Nel 1900 si tenne a Parigi un congresso, seguito da un altro a Napoli, sull'importanza didattica dell'educazione fisica. Il quadro che ne emerse spinse a svolgere un'inchiesta per verificare lo stato di attuazione della Legge De Sanctis. Di sicuro non un quadro rassicurante poiché si dovette constatare una sostanziale erronea applicazione della legge. Affiorò la necessità di adeguare le strutture e aumentare il numero di ore settimanali riservate all'esercizio dell'educazione fisica. Di conseguenza vennero istituiti la Federazione Nazionale Scolastica e l'Istituto Nazionale per l'incremento dell'Educazione Fisica in Italia. L'opera di questo istituto si profuse favorendo la promulgazione, il 21 dicembre 1909, della Legge Rava-Daneo, che mise ordine nella materia, ribadendo l'obbligatorietà dell'insegnamento dell'educazione fisica in tutti gli ordini di scuola e dettando le regole del suo insegnamento, le ore da dedicarvi, l'obbligo gravante sui comuni di costruire strutture adeguate, la formazione degli insegnati. Tale legge, che pose l'Italia all'avanguardia rispetto alle altre nazioni europee, venne quasi completamente disattesa, per fare spazio ad un evento di portata assai maggiore: la Prima Guerra Mondiale 11).

Si sarebbe ricominciato a parlare di educazione fisica con la fine della guerra, con l'indizione di un nuovo congresso a Torino, dal quale emersero tre diverse linee di pensiero: ci fu chi propose di scindere l'educazione fisica dal ministero della pubblica istruzione, al fine di farla gestire da un ente sotto il controllo ministeriale; posizione fortemente avversata da chi, invece, riteneva doveroso garantire all'educazione fisica un posto a pieno titolo accanto alle altre discipline scolastiche; altra linea di pensiero era quella dell'On. Gasparotto, ministro della guerra che auspicava che tale disciplina passasse sotto la tutela del suo ministero.
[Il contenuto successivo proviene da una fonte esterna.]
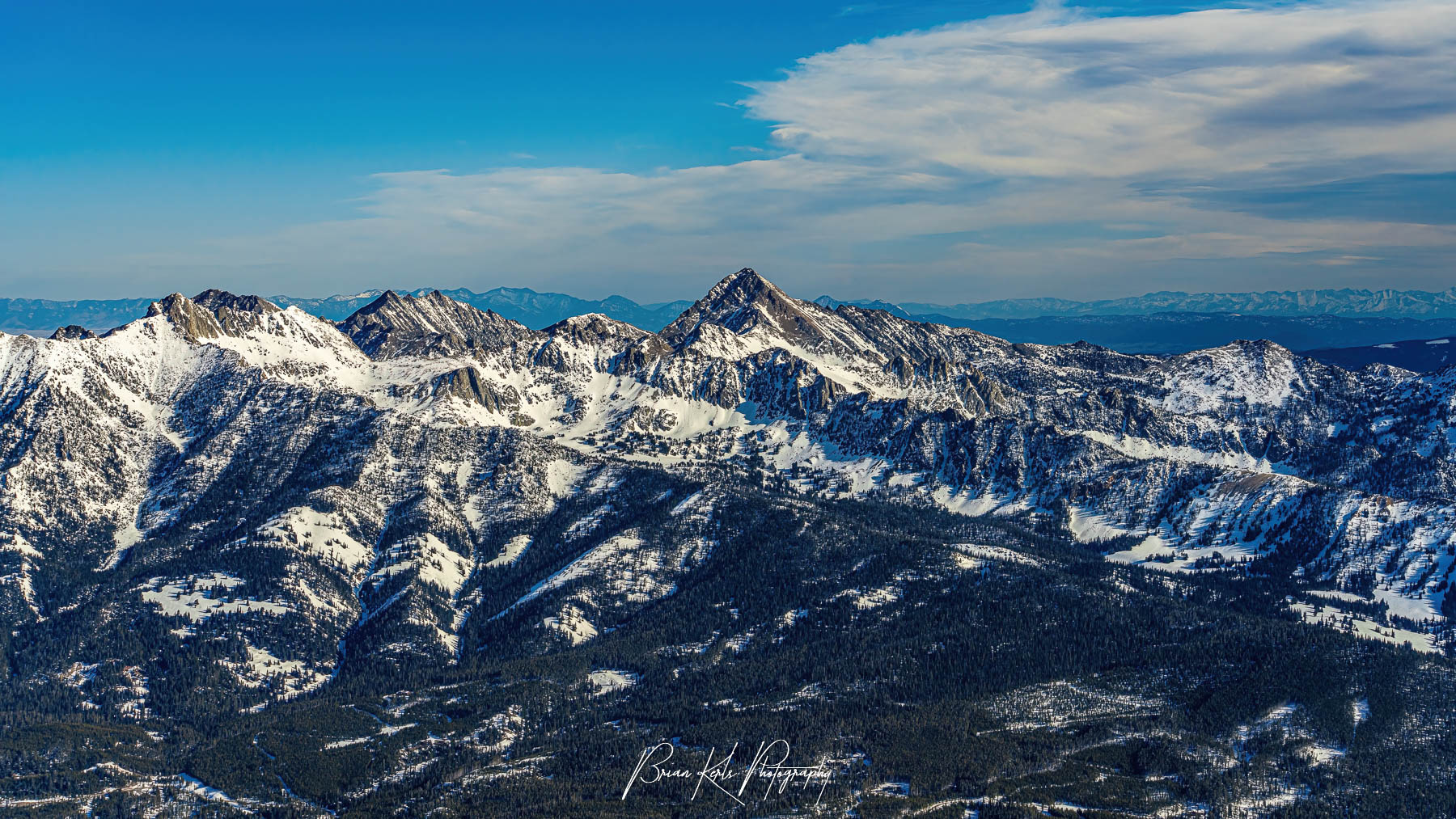 Sweeping ridge line with Gallatin Peak Ridge prominent in center as seen from summit of Lone Peak, Big Sky Montana.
Tuttavia, nonostante gli sforzi profusi dai governi post-unitari,agli inizi del Novecento la situazione delle province dell'ex Regno delle Due Sicilie, era alquanto disastrosa, soprattutto in Basilicata: è evidente che in una così estrema situazione di crisi economica e culturale, l'investimento in beni considerati voluttuari e superficiali come la scuola e l'attività sportiva, non era considerato.